The conversation about AI and the workforce has been dominated by one word: replacement. However, the true story of this technological revolution isn’t about replacement, but about redeployment – a fundamental shift in how we orchestrate human talent and intelligent technology.
At a time when organisations face rising expectations and increased complexity, we are entering the era of the agentic enterprise: where humans and AI agents collaborate seamlessly as a single, intelligent workforce.
These AI agents are not mere assistants; they are autonomous partners that can reason, decide, and act, freeing human teams from routine work to focus on what they do best: strategy, innovation, and building deep customer relationships.
This collaboration marks the beginning of the great redeployment, a once-in-a-generation opportunity to elevate the nature of work itself.
Salesforce research indicates that 81% of HR leaders plan to reskill employees for better job opportunities in the digital labour era.
Success, however, is not guaranteed.

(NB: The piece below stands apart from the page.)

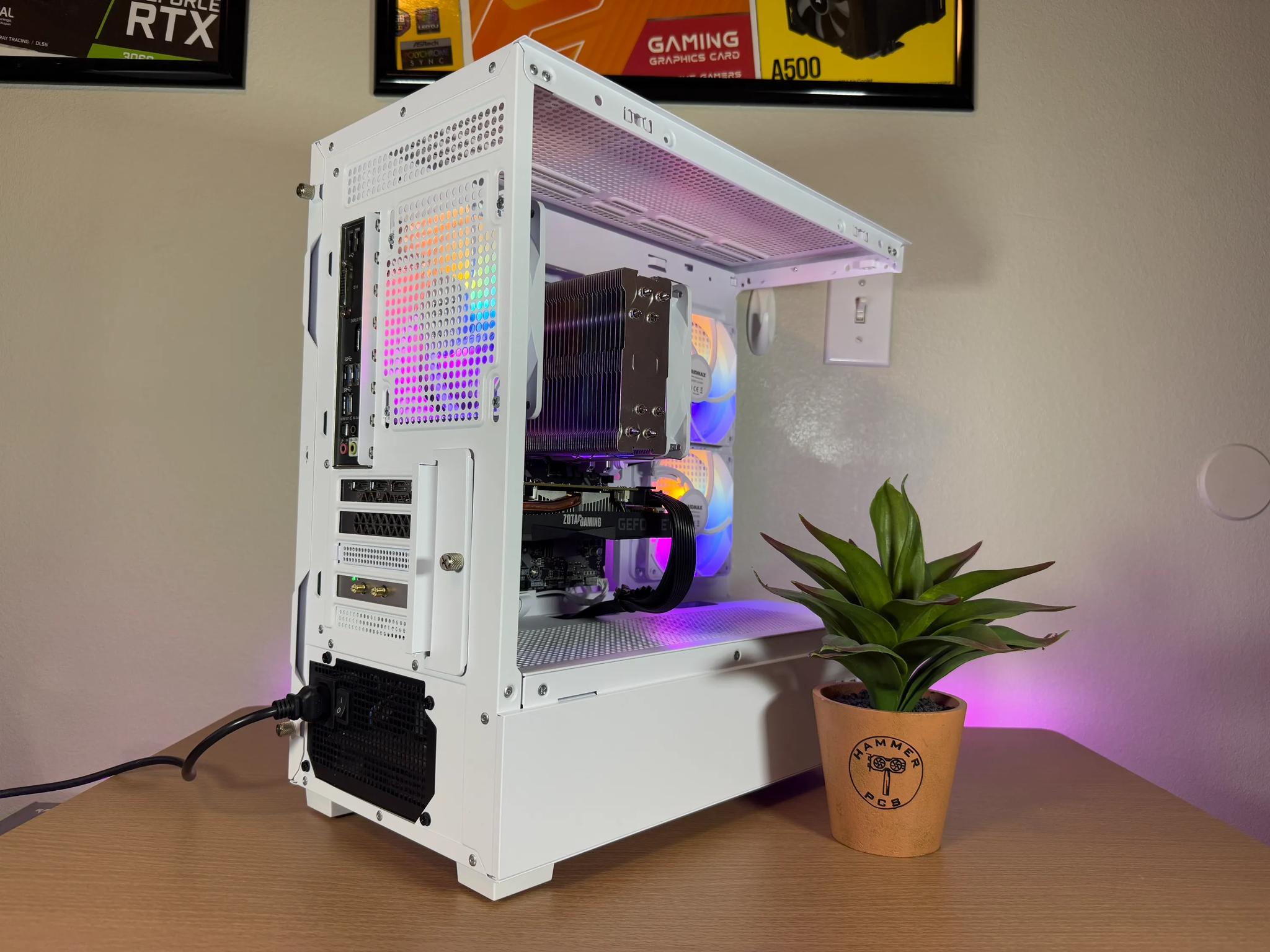 ☃️Custom Built Gaming PC☃️| GTX 1660, Intel i5, Windows 11 | GTA V, Marvel Rivals, CoD, more!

It requires a deliberate two-pronged approach: transforming our teams’ skills and cultivating an agentic mindset across the organisation.
From task-based to outcome-driven roles
For decades, we’ve defined jobs by the tasks they entail. The great redeployment demands we shift this focus to outcomes. As AI agents take on more automatable tasks – from data analysis to code generation – the most valuable human skills will be those that AI cannot replicate.
The UN’s AI Impact Quadrant confirms what leaders must now accept: reskilling, upskilling, and cross-skilling are the most critical imperatives for building a future-proof workforce.

We must equip employees in roles susceptible to automation with entirely new capabilities. But more importantly, we must uniquely enhance human skills across the entire workforce. Critical thinking, strategic oversight, and empathetic leadership are no longer “soft skills”; they are the core drivers of value in an agentic enterprise.
According to the World Economic Forum’s Future of Jobs Report for 2025, resilience, flexibility, and agility; resource management; and programming and technological literacy will differentiate growing from declining jobs.
The crucial differentiator for talent will be the ability to distinguish between a job (the strategic “why”) and its associated tasks (the tactical “how”). The most successful professionals will own the outcome of their job, maintaining full accountability while skillfully deploying AI agents to execute the necessary tasks with speed and precision. This is the new benchmark for performance.
Cultivating the agentic mindset
Skills are only half the equation. Without a culture that embraces change, even the best-skilled workforce will falter.
The latest Slack Workforce Index reveals that employees who actively use AI are not only 64% more productive but also 81% more satisfied with their jobs. This isn’t just a productivity hack; it’s a leading indicator of a cultural shift.
Fostering this mindset begins with leadership. Leaders must champion a culture of continuous learning and psychological safety, where curiosity is encouraged and experimentation is rewarded.
This means starting with small, manageable AI integrations to build confidence and demonstrating the value of human-agent collaboration through clear communication and inclusive engagement. When teams feel supported and see the purpose behind the technology, they are empowered to innovate.
The goal of the great redeployment is not to build a workforce of AI operators, but a workforce of innovators, strategists, and relationship-builders, amplified by AI.
By focusing on both skills and mindset, we can unlock the limitless potential of this new era and build enterprises that are not just more efficient, but more human.